Netralitas Aparatur Sipil Negara (ASN) menjadi isu penting pada Pemilu 2024 karena dianggap rawan terjadi kecurangan. Direktur Lingkar Madani (Lima), Ray Rangkuti menegaskan perlu ada pengawasan ketat terhadap ASN, karena isu netralitas ASN erat kaitannya dengan dinasti politik. Pemerintah harus bisa menjamin hal itu melalui tindakan dan kebijakan bukan hanya himbauan netralitas belaka.
“Isu ini mengancam demokrasi kita, sama halnya dengan isu identitas dan hoaks di pemilu sebelumnya. Namun netralitas kali ini berkaitan dengan isu dinasti politik, jadi tantangannya lebih berat,” kata Ray dalam diskusi bertajuk “Jalan Sesat Meraih Kekuasaan: ASN, TNI-Polri Pura-Pura Netral?”, yang digelar Komunitas Pemilu Bersih di Kawasan Menteng, Jakarta Pusat, (14/1).
Menurut Ray, munculnya banyak kekerasan dan intimidasi yang dilakukan aparat selama proses pemilu dapat merusak demokrasi.

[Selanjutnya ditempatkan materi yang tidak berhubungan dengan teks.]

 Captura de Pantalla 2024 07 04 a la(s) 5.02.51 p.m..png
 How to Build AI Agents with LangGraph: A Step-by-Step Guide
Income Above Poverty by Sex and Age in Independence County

Ia berpandangan selama pelaksanaan pemilu, pemilih harus terhindar dari intimidasi dalam bentuk apapun agar suara yang diberikan benar-benar berasal dari pilihan secara sadar.

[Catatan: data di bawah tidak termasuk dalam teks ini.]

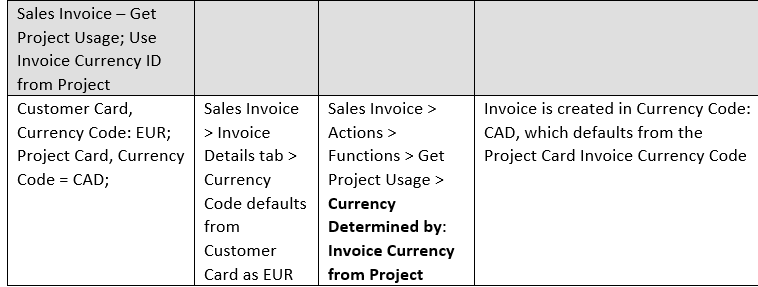 Currency Examples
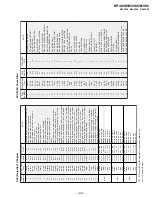 Предварительный просмотр 43 страницы Sony KP 48V85 Service Manual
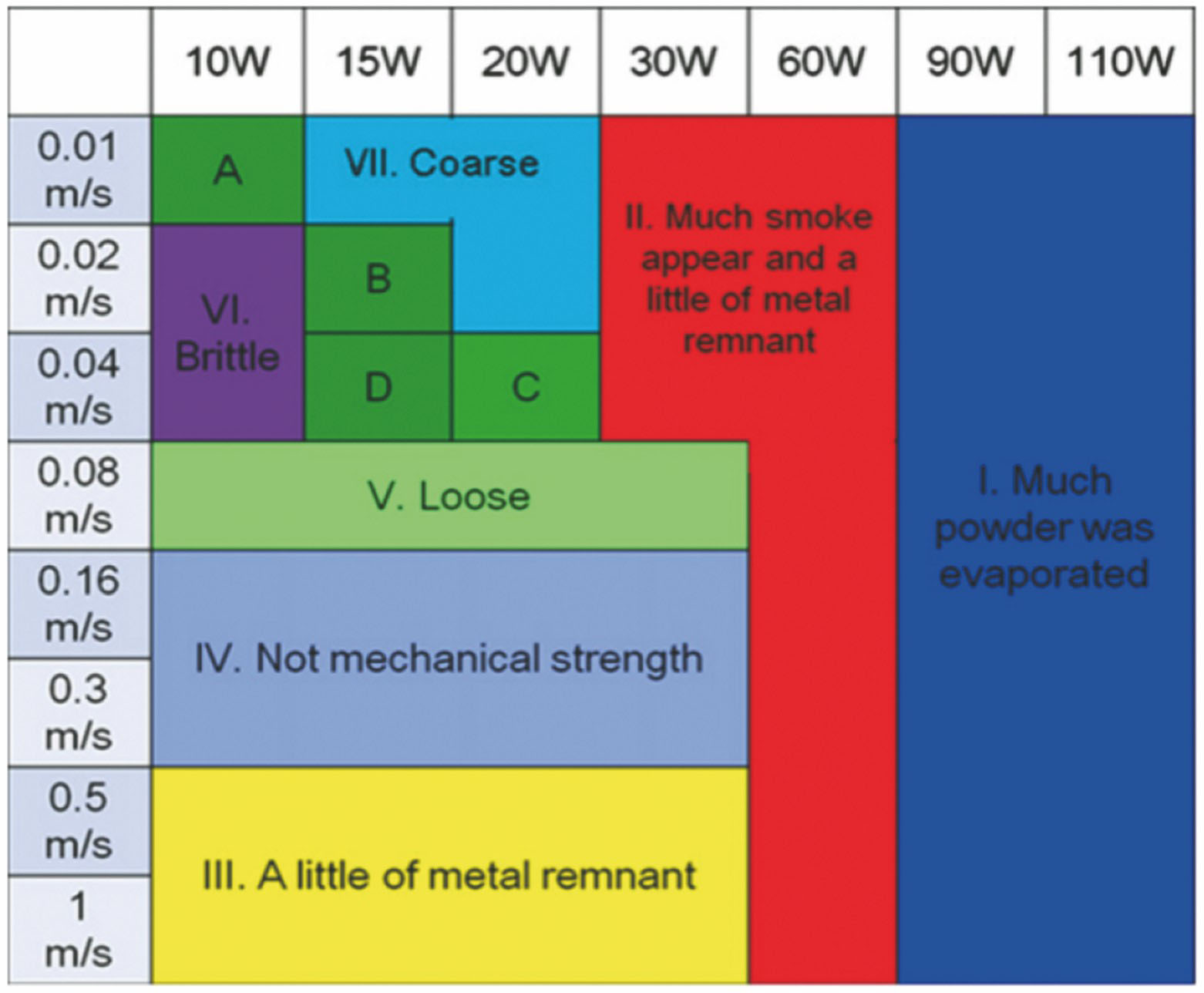 Research process map of effects of laser power and scanning speed on Mg-9%Al alloy[22]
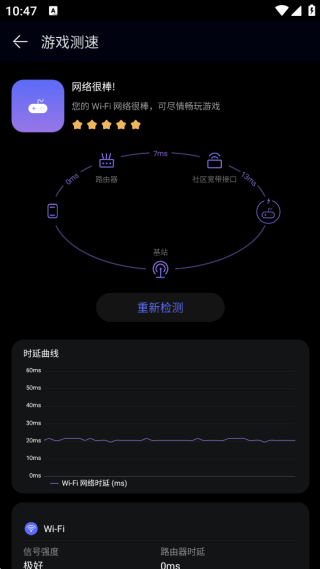 华为花瓣测速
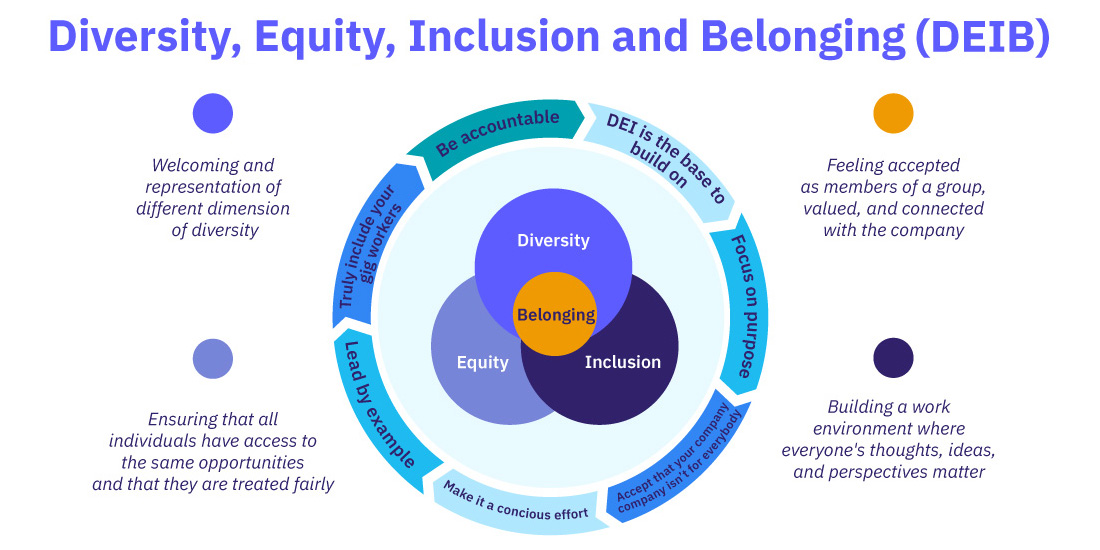 OKSober Diversity Equity Inclusion Belonging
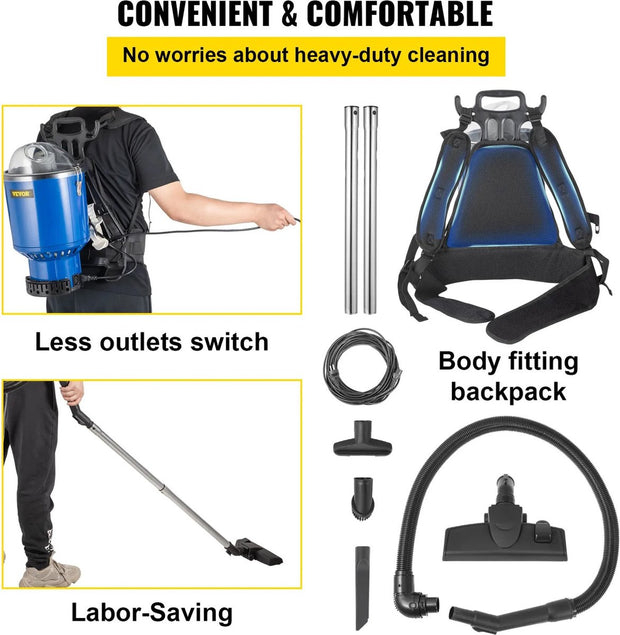 Vacuum Cleaners – 4L Commercial Industrial Backpack Vacuum Cleaner - 5 in 1 Lightweight with HEPA Filter - 1000W - 220V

Sementara Dosen Fisipol Universitas Kristen Indonesia (UKI) dan Pengamat Militer, Sidratahta Mukhtar mengatakan kompleksnya sistem pemilu di Indonesia membutuhkan gerakan masyarakat sipil untuk memberi perimbangan pada peran negara. Karena ia menganggap, baik Tentara Nasional Indonesia (TNI) maupun Kepolisian Negara Republik Indonesia (Polri) memiliki kekuatan strategis yang berpotensi digerakkan untuk mengintervensi pemilu.

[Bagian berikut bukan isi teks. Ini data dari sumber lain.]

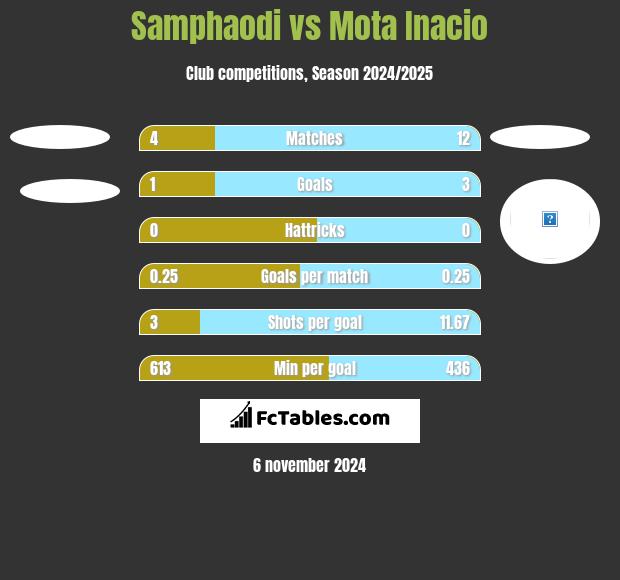 Samphaodi vs Mota Inacio h2h player stats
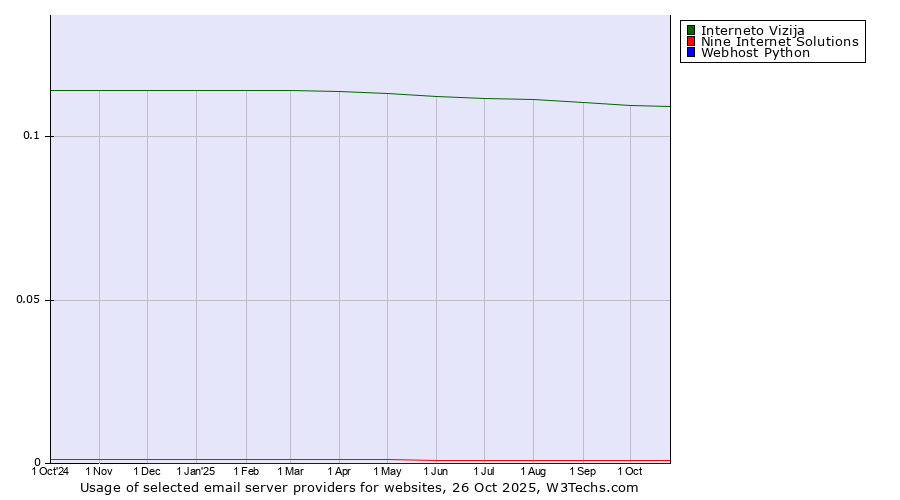 Historical trends in the usage of Interneto Vizija vs. Nine Internet Solutions vs. Webhost Python
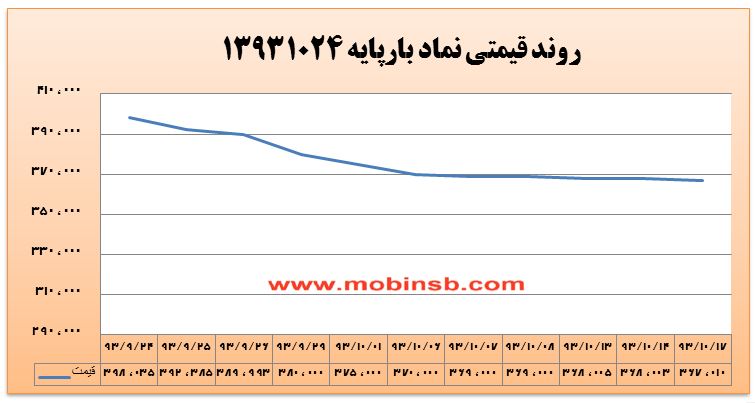 نگرانی شرکت های توزیع از افزایش قیمت ها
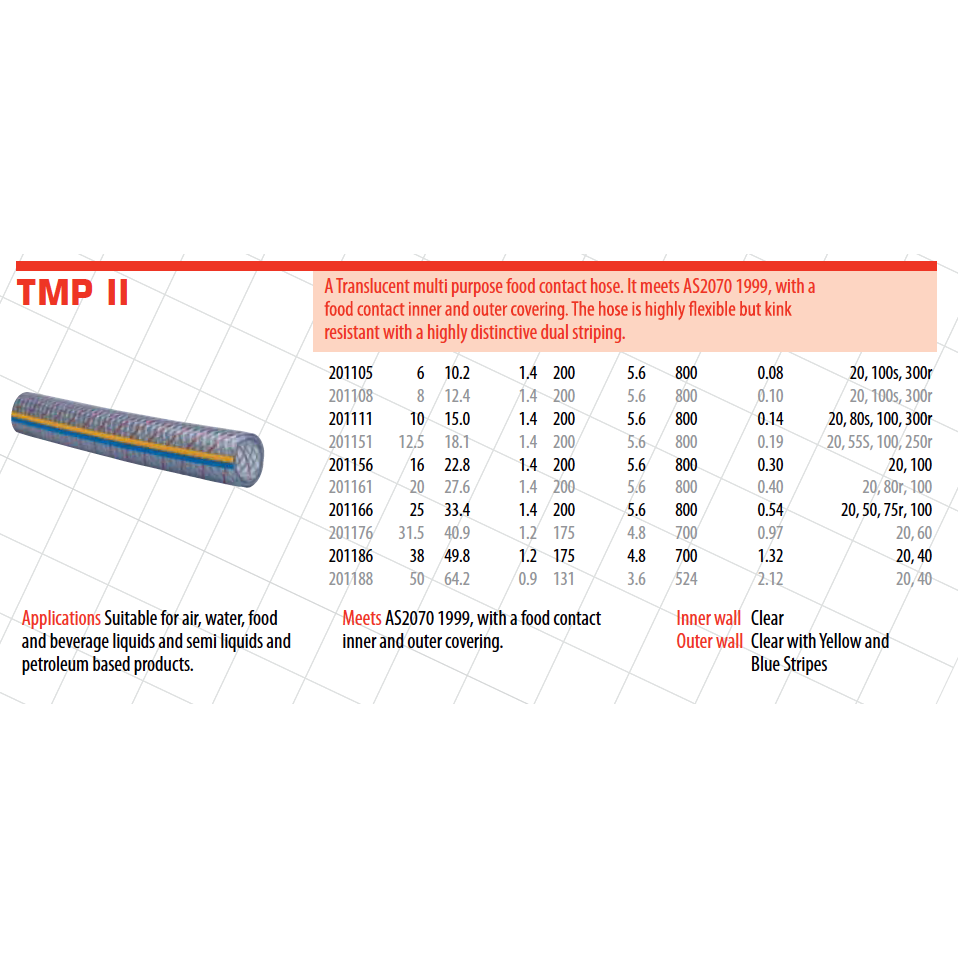 BARFELL TMP II Multi-Purpose Food Contact Hose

“Netralitas merupakan ujung tombak bagi aparatur negara termasuk kepolisian. Namun ada dilema, karena polisi berdiri di dua kaki, sebagai unsur pemerintahan di bidang keamanan dan bidang hukum, tapi dia juga bawahan langsung presiden. Nah ketika presiden punya kepentingan akan berdampak pada netralitas polisi,” kata Sidratahta.
Menurutnya pelanggaran netralitas sudah terjadi sejak lama, namun aparatur negara belum menjalankan perannya sebagai penjaga netralitas dengan baik. Pengawasan publik menjadi kunci untuk meningkatkan kualitas demokrasi, karena ada upaya untuk mendorong kekuasaan melalui jalan otokrasi. Ia berpendapat, fenomena itu bisa menjadi landasan pengawasan pada lembaga-lembaga yang memiliki kekuatan strategis.
“Untungnya di Indonesia ada banyak kekuatan masyarakat sipil yang menjadi andalan untuk mendorong kinerja lembaga pemerintah yang berpotensi tidak netral. Melalui itu pemilu ini diharapkan menjadi pemilu yang makin baik dan mendorong peran negara lebih substantif,” harapnya. []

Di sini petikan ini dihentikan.